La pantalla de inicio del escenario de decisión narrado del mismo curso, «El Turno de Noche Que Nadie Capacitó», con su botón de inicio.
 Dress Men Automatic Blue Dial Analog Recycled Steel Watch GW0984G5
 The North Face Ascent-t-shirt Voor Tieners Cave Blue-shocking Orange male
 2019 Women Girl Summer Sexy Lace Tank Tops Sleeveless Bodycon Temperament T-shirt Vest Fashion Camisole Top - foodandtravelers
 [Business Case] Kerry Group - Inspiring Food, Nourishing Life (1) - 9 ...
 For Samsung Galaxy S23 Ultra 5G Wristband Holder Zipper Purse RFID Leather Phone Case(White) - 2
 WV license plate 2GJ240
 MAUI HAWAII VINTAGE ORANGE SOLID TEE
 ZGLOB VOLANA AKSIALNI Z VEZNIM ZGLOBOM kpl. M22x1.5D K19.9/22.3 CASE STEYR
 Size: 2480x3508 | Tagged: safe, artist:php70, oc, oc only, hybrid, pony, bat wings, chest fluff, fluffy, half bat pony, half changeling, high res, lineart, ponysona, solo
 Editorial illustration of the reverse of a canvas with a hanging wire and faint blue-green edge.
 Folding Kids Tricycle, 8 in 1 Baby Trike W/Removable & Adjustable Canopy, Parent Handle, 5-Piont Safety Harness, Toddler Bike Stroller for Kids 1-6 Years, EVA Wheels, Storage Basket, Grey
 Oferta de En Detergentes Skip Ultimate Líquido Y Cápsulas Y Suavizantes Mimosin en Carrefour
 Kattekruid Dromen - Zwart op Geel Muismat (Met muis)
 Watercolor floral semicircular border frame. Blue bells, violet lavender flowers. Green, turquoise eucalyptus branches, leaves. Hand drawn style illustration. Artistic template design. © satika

=======

> **Action item**
Word for word, write out each record shown above.

> **Answer section**
La pantalla de inicio del escenario de decisión narrado del mismo curso, «El Turno de Noche Que Nadie Capacitó», con su botón de inicio.
 Dress Men Automatic Blue Dial Analog Recycled Steel Watch GW0984G5
 The North Face Ascent-t-shirt Voor Tieners Cave Blue-shocking Orange male
 2019 Women Girl Summer Sexy Lace Tank Tops Sleeveless Bodycon Temperament T-shirt Vest Fashion Camisole Top - foodandtravelers
 [Business Case] Kerry Group - Inspiring Food, Nourishing Life (1) - 9 ...
 For Samsung Galaxy S23 Ultra 5G Wristband Holder Zipper Purse RFID Leather Phone Case(White) - 2
 WV license plate 2GJ240
 MAUI HAWAII VINTAGE ORANGE SOLID TEE
 ZGLOB VOLANA AKSIALNI Z VEZNIM ZGLOBOM kpl. M22x1.5D K19.9/22.3 CASE STEYR
 Size: 2480x3508 | Tagged: safe, artist:php70, oc, oc only, hybrid, pony, bat wings, chest fluff, fluffy, half bat pony, half changeling, high res, lineart, ponysona, solo
 Editorial illustration of the reverse of a canvas with a hanging wire and faint blue-green edge.
 Folding Kids Tricycle, 8 in 1 Baby Trike W/Removable & Adjustable Canopy, Parent Handle, 5-Piont Safety Harness, Toddler Bike Stroller for Kids 1-6 Years, EVA Wheels, Storage Basket, Grey
 Oferta de En Detergentes Skip Ultimate Líquido Y Cápsulas Y Suavizantes Mimosin en Carrefour
 Kattekruid Dromen - Zwart op Geel Muismat (Met muis)
 Watercolor floral semicircular border frame. Blue bells, violet lavender flowers. Green, turquoise eucalyptus branches, leaves. Hand drawn style illustration. Artistic template design. © satika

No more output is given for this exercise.